Missing Derry teenager Andrew Quigley has been “let down by the system” according to his family who say more needs to be done to help young people with suicidal tendencies.
Police divers are due to enter the River Foyle at around 4.00pm today (low tide) as the search for the 19-year-old from Fergleen Park in Galliagh continues.
Andrew has not been seen since leaving a friend’s 21st birthday party in the early hours of Saturday morning.
A search of the river has continued since some his personal belongings were found on Foyle Bridge at 7.40am later that morning.
Since then, Foyle Search and Rescue, police and Irish Coast Guard helicopters have scoured the river while his family and friends, supported by hundreds of members of the public, have searched the river’s shoreline.
Andrew’s family have called for the decision to refuse funding to Foyle Search and Rescue to establish a counselling centre after revealing he had shown suicidal tenancies and had previously tried to take his own life as a result of a drugs problem.

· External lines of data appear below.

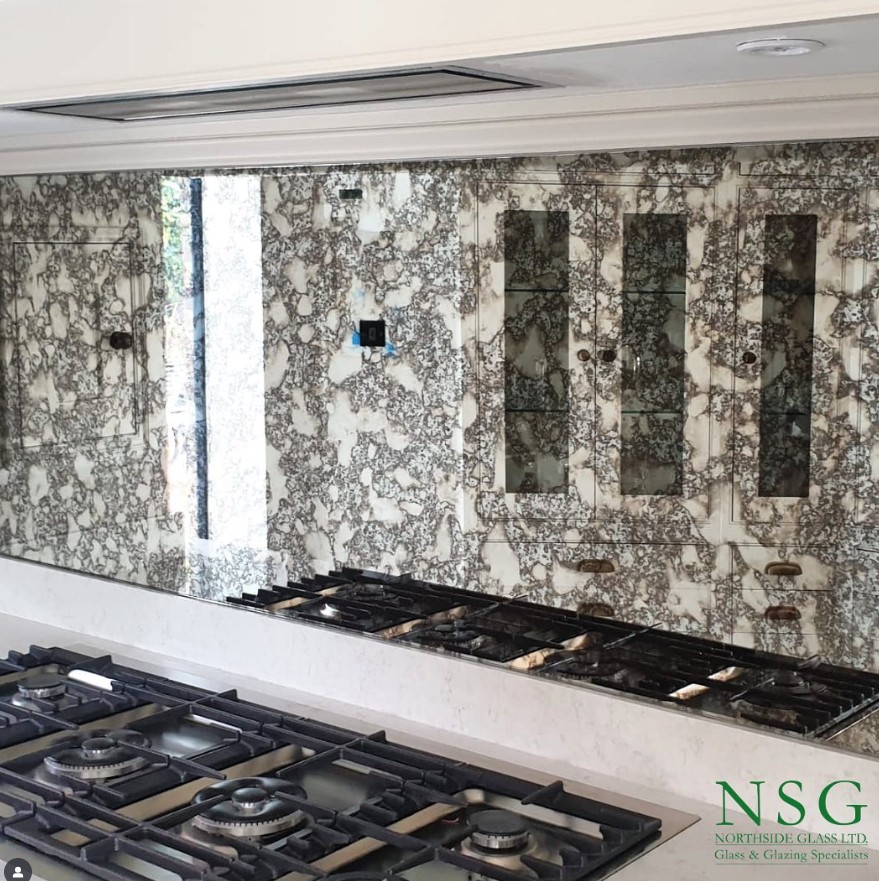 Nsg Custom Size Mirrors 6 Antique Mirror Splashback Cg03 Up Close 005 1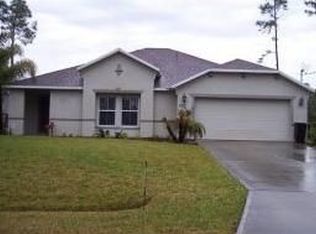 523 Olney St SW, Palm Bay, FL 32908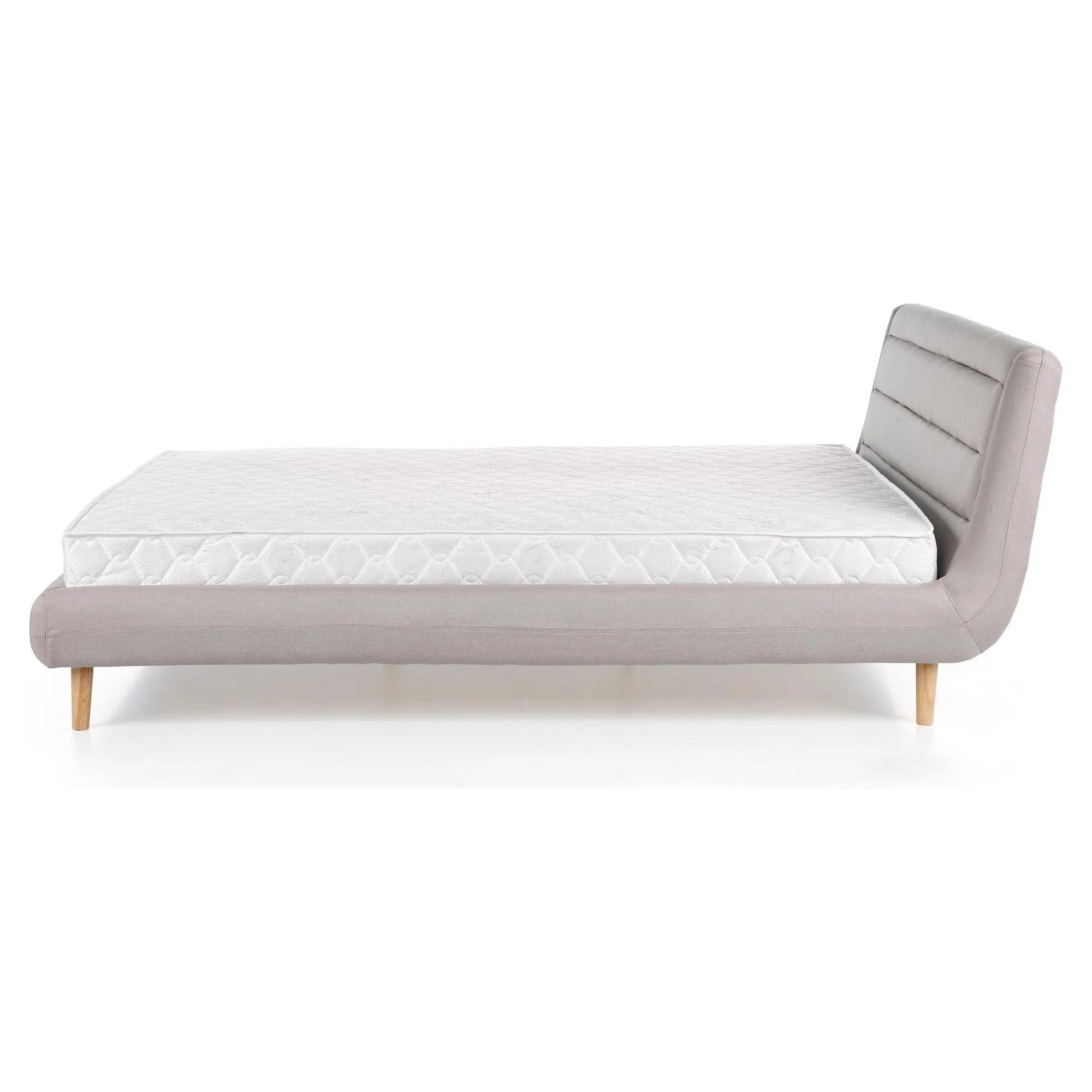 Pat 160x200 HOUSTON OCN-36864, gri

Andrew’s uncle Dermot Quigley said his nephew had been let down by the system.
Dermot revealed Andrew had pleaded for help but it was not there for ,him and if it had been he might be alive today.”
Dermot he called for a decision by the Government’s Social Investment Fund to refuse £200,000 funding to Foyle Search and Rescue to set up a counselling centre in the city to be reversed.
He said: “The North West is in dire need of this very type of facility, had it already been available we might not be searching for Andrew now.”